During a semester of study, I learned a lot of things about the impact of social movement and its relationship to business. I built up my own view of basic social movement concepts as well as valuable lessons from movements discussed in class. Overall, we had a lot of fun talk about movements and my take away is out of my expectation.
I do like the section, which we share our thoughts about recent movement news. I think it is a great opportunity for me to expand my view out of the normal business view, and get to know a little about the social movements. Actually, one of the reasons I want to take this course is that I personally did not see or participate in any kind of social movement before. The political system in China imposes strict limitation on social movements. As a result, I did not experience a real one before. However, it does not mean that there is no social movement in China. Since I left home when I was only 17 years old, I missed two big social movements in my hometown.
It is kind of ironic to say that one of the most popular supermarkets in my hometown is run by Japanese. Anyway, the recent riot happened in September, the beginning of the semester, when anti-Japanese rallies have taken place in Chinese cities, with hundreds of protesters demanding that Japan drop its claim on the island.

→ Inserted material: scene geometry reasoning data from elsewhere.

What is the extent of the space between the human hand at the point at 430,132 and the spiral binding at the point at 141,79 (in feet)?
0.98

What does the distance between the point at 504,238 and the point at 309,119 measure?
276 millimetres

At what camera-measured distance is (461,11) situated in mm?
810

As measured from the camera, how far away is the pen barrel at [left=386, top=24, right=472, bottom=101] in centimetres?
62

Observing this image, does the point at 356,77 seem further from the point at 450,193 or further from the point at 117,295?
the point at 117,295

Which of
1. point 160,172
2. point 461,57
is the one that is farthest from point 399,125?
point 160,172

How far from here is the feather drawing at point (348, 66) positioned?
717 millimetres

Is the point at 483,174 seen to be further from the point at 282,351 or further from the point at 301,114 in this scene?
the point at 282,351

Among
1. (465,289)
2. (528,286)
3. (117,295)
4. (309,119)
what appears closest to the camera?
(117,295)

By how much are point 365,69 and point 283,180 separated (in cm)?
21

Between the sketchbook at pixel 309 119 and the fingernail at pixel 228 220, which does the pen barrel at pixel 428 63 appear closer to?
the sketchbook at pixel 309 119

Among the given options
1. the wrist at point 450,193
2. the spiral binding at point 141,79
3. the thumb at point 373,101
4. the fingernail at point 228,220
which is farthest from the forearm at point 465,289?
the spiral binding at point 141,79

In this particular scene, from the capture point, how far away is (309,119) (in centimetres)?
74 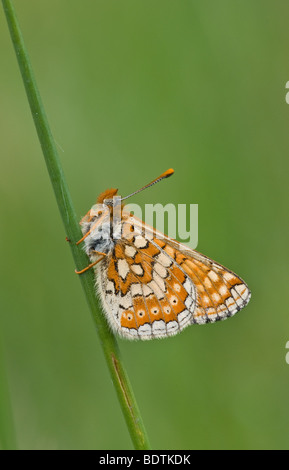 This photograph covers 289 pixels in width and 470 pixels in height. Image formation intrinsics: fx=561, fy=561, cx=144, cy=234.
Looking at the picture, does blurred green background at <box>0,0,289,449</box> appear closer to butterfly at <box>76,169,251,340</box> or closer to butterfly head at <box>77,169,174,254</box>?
butterfly at <box>76,169,251,340</box>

My hometown is really close to Japan, and hundreds of people gathered in the supermarket with iron rod and other violent appliances. They embarked on an orgy of destruction storewide. I think this riot is very irrational because though Japanese owns the supermarket, all of the employees are local people. The anti-Japanese riot aimed to the wrong object. Some residents called for a rational treatment to express the dissatisfaction. I still cannot believe how could people act so absurd without thinking carefully about the aim of the actual damage. Nevertheless, none of my family member went shopping to that supermarket anymore after the riot....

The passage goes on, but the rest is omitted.